The Tale of the Rock

Ethan Kaplan
while(true)
Published in
3 min readDec 30, 2020

--

When I was around seven, I took the bus to school every day, and would pass by a corner where a rock was sitting on the front part of a wall. Every day I’d look out for that rock, and every day it’d be there. For five years I was on the same bus route, and that rock never moved. Rain, sun, fog.

It’s still there.

The rock was constant. No matter what changed around me, every day I could look out the right side window at Brea Blvd and Panorama Rd and it’d be there.

It was time made slow and every day I’d be nervous that the rock would be gone. It’d change my world.

Now….

Go outside and find a rock.

This rock is a small piece of the earth.

But you can hold it, and manipulate it. If you move it and let it rest, it’ll stay at rest long after you’re gone.

But you in the end have moved the earth, even if just a piece of it.

It’s too easy to get caught up in the macro, especially when the time and space of the world have been collapsed to endless scrolling tweets and news headlines. A life across the country matters as much as the life in front of you.

But in the end, it really doesn’t. It does in the micro sense to those tied to that person, but it’s too easy — now especially — to get caught up in the macro where everything is the same, and equally consequential.

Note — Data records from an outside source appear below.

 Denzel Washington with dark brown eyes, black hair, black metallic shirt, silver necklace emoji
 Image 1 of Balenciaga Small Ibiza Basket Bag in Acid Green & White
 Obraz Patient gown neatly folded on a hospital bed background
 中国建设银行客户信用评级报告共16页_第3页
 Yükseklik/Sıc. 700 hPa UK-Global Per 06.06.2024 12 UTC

You are just one of 7 billion, and your sphere of influence may be large — it may be infinitely large depending on who you are — but even if so, the direct effect of you living is as consequential as you perceive it. If you go outside and move a rock, you’ve moved the earth after all.

If you close your phone and just sit, you’ve moved yourself. If you sit with another person, you’ve moved the world entire in the micro sense. What is a world in the end other than two people agreeing that something happened?

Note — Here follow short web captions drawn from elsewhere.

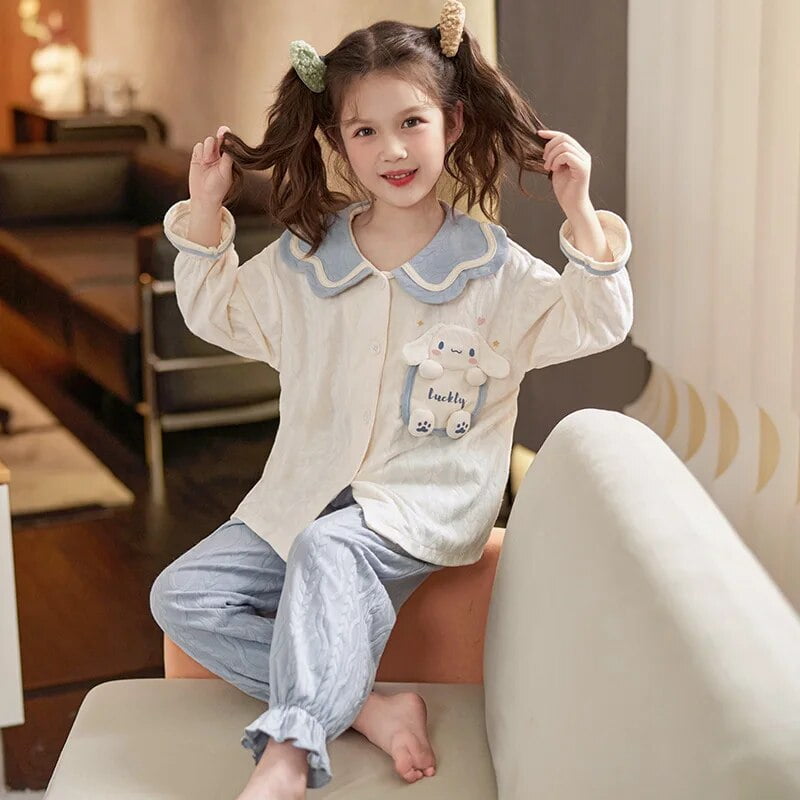Sanrio Cinnamoroll Children‘s Pajamas Loungewear Anime Figuret Cardigan
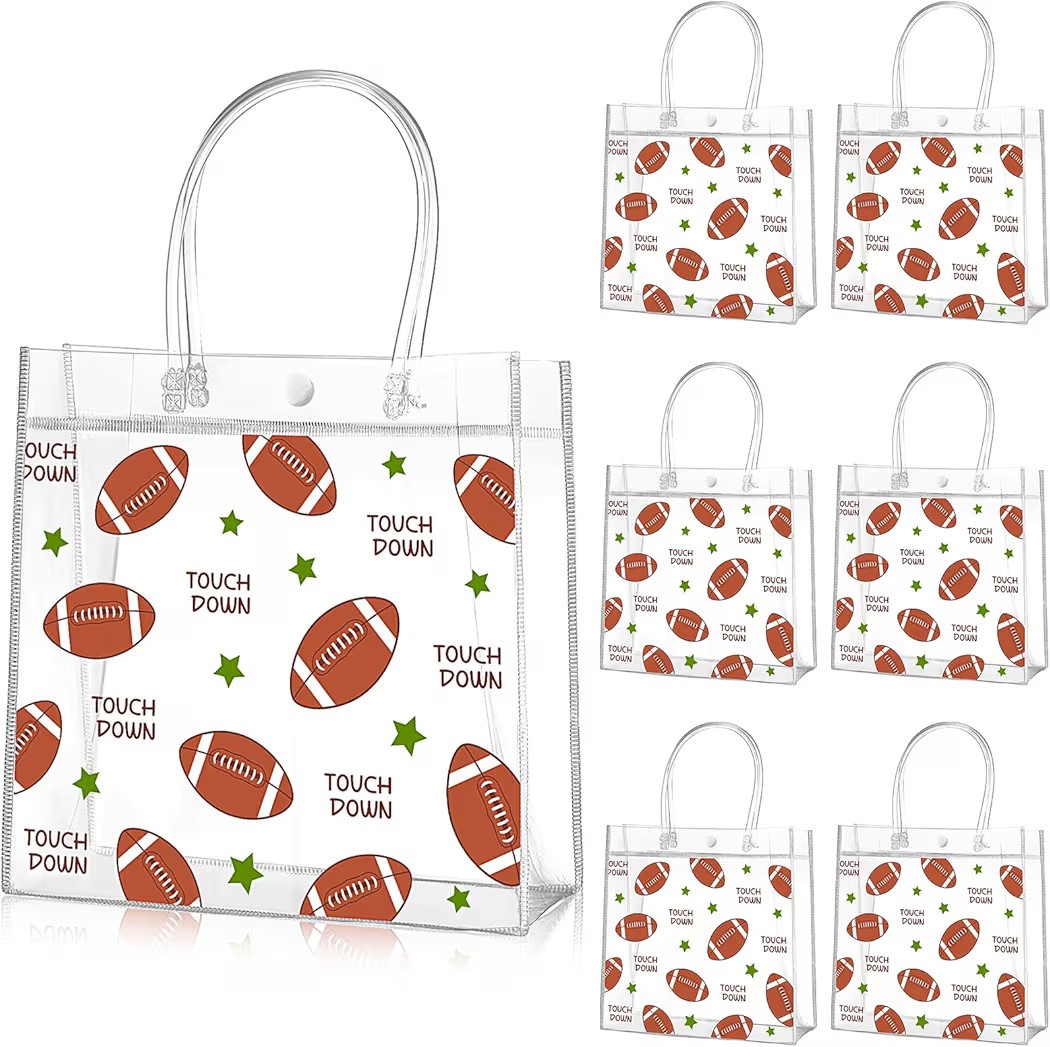 Aliceset 20 Pcs Football Clear Treat Bag with Handles PVC Football Party Snack Bag for Team Birth... | Amazon (US)
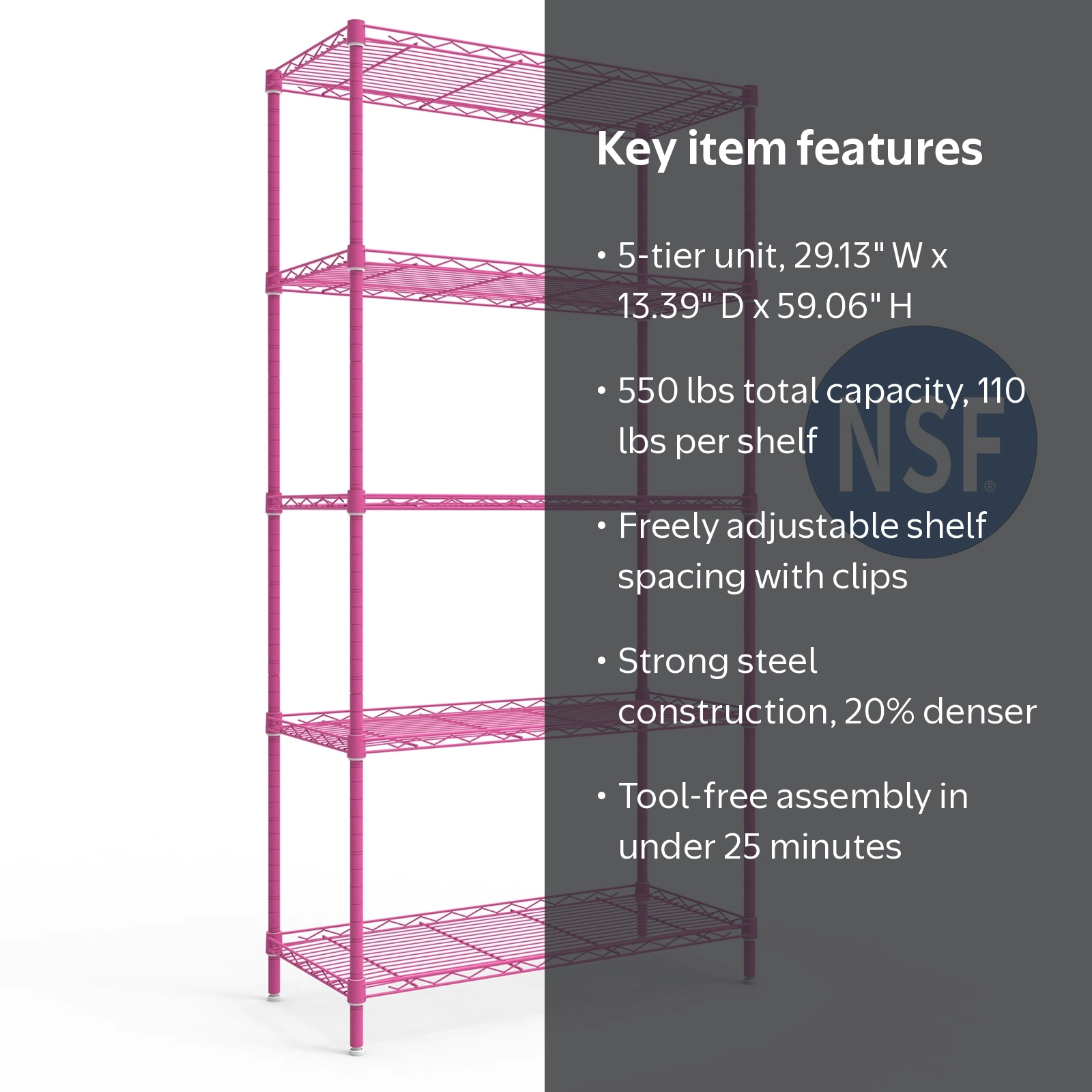 Ktaxon 5-Tier Wire Shelving Unit, Steel Storage Rack for Garage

The scale of our place in the world has been convoluted by our perception of the impact we can have through the things others have done. People invented the Internet, it collapsed space. People invented Twitter, Facebook, Instagram and suddenly identity, time, space, culture and — hell — time zones are eliminated. But only if we chose to.

In the end, there are incontrovertible things that can’t be influenced by cleverness. The sun will still move in the sky and the earth will still rotate. The moon will go full and then wane. People will get older and our kids older still.

We will lose people, people will be born, the cycles will repeat. It’s too easy to get overwhelmed thinking you have to catch all of these things — this sand — before it slips through your hand.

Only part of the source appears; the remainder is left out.